Interface parity: PlanFrame spark skin vs PySpark DataFrame

This page compares PlanFrame’s PySpark-like interface skin (planframe.spark.SparkFrame) to pyspark.sql.DataFrame.

PlanFrame is always lazy and executes through adapters; there is no Spark execution engine in core.

Legend

  • Exact parity: same name + same argument shape + same behavior (modulo “always lazy”).
  • Typed-parity: same shape, but restricted to typed-safe subsets.
  • Divergence: present but intentionally differs (documented).
  • Unsupported: not implemented; should fail loudly.

High-value mapping

PySpark PlanFrame spark skin Status Notes
df["x"] __getitem__ Typed-parity Returns a typed Column wrapper over PlanFrame Expr.
df.x __getattr__ Typed-parity Only when x is a schema column.
select(...) select(...) Typed-parity Accepts str, Spark Column, or Expr (with restrictions).
where(...) where(...) Typed-parity Predicate must be Column[bool] or Expr[bool].
filter(...) filter(...) Divergence Delegates to where (typed).
withColumn(name, col) withColumn(...) Typed-parity Lowered to core with_columns(exprs={...}).
withColumns(map) withColumns(...) Typed-parity Lowered to repeated with_columns.
withColumnRenamed(a,b) withColumnRenamed(...) Typed-parity Lowered to core rename.
orderBy(...) orderBy(...) Typed-parity Lowered to core sort; supports per-key ascending.
distinct() distinct() Typed-parity Lowered to unique().
dropDuplicates(subset=...) dropDuplicates(...) Typed-parity Lowered to drop_duplicates.
groupBy(...).agg(...) groupBy(...).agg(...) Typed-parity Typed subset of aggregations (functions.sum/mean/min/max/count/n_unique).
union / unionAll union / unionAll Typed-parity Lowered to vstack (UNION ALL semantics).
unionByName(...) unionByName(...) Divergence allowMissingColumns=True is unsupported.
join(...) join(...) Typed-parity Normalizes on/left_on/right_on; supports Spark-ish how aliases.
hint(...) hint(...) Divergence Plan-level hint node; adapters may ignore.

Unsupported (expected)

  • Partition and caching semantics: repartition, coalesce, cache, persist, unpersist
  • SQL-string API: selectExpr
  • Partition-level sorting: sortWithinPartitions
  • Set ops not implemented in core: intersect, subtract

Generated inventories (method-by-method)

For an exhaustive, generated inventory:

  • SparkFrame surface: planframe/design/_generated/interface-inventory-spark.md
  • PySpark methods missing from PlanFrame spark skin (empty if PySpark isn’t installed): planframe/design/_generated/spark-missing.md

Missing / divergent areas (categorized)

  • Partitioning & caching semantics (unsupported): cache, persist, unpersist, repartition, coalesce, sortWithinPartitions
  • String-based DSL (typed restriction): selectExpr is only safe to support as a very small subset (column names + optional AS alias).

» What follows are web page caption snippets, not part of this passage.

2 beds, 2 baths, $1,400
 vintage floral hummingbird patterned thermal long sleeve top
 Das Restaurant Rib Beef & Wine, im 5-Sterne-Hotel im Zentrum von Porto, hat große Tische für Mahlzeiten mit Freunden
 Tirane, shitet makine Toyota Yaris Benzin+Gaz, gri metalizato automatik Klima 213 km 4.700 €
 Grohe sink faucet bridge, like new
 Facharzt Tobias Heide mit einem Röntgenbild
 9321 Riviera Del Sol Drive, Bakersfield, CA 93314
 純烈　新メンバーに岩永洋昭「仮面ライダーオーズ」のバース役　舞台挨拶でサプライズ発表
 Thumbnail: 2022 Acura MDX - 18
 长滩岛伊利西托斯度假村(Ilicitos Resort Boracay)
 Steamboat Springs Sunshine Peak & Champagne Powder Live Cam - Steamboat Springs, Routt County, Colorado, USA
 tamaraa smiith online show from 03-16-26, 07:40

Arbitrary SQL-like expressions remain unsupported.
  • Set operations: intersect / subtract can be provided as typed wrappers only if core has plan-level nodes with well-defined schema behavior; otherwise they should fail loudly.
  • Spark session/catalog/stateful APIs: expected to remain unsupported in core PlanFrame.